À suivre ces nouvelles vulgates, les problèmes sociaux seraient d'abord des problèmes ethniques et les quartiers rien d'autre que nos nouveaux dominions : Paris ferait main basse sur les cités, exploiterait leurs richesses, mènerait à leur égard une violente politique de spoliation ! Rappelons que d'autres ont voulu faire des banlieues l'équivalent des territoires occupés de Palestine, une bande de Gaza et une Cisjordanie à elles seules aux environs de Lyon, de Toulouse. Voilà donc que les Français deviennent des colons chez eux et qu'il faudrait les exproprier de l'Hexagone.
Au lieu d'admettre que le système français décourage l'initiative, qu'un taux de chômage des jeunes de 40 % dans les cités, l'absence de qualifications, l'omniprésence de gangs qui font la loi rendent leur situation catastrophique, on s'invente une généalogie fantastique, on lit les Minguettes ou la Courneuve avec les lunettes des Aurès ou des hauts plateaux du Tonkin. On est là dans une sorte de télescopage spatio-temporel, une superposition des continents et des époques où tout se mélange, le 93 et les townships sud-africains, Clichy et Gaza, Bobigny et la traite. Chacun peut selon ses inclinations habiter le pays virtuel de l'esclavage et du colonialisme, devenus des concepts flous, des habitats temporaires qu'on investit pour dire sa colère, sa frustration.

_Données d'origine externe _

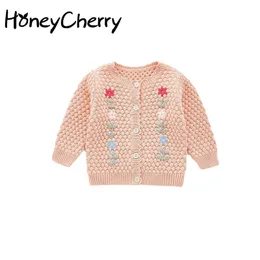 Jesień Baby Hand Haftowane dzianiny sweter Płaszcz Top All-Mecz Cardigan Toddler Girl Winter Clothing 210515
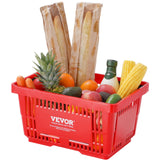 Shopping Basket, Set of 12, 24L Durable Plastic Grocery Basket with Handle and Stand, 425 x 295 x 225 mm Portable Shop Basket Bulk Used for Retail Store, Supermarket, and Grocery Shopping, Red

Or, la situation dans les banlieues relève du rejet, de la séparation territoriale, non de la subordination à des fins commerciales qui fut le propre des empires. Les colons tenaient un pays, ne l'abandonnaient pas, n'en faisaient pas un "territoire perdu de la République". À vrai dire, le procès du colonialisme est rouvert non parce qu'il aurait été ignoré à l'école, mais parce qu'il est pourvoyeur de clarté pour ceux qui ont la nostalgie des anciennes divisions. Toute une génération de tiers-mondistes reprend les luttes de libération un demi-siècle après les indépendances et ânonne fiévreusement son catéchisme anti-impérialiste, lequel sert de marxisme de substitution à toute une gauche en perte de compréhension du monde.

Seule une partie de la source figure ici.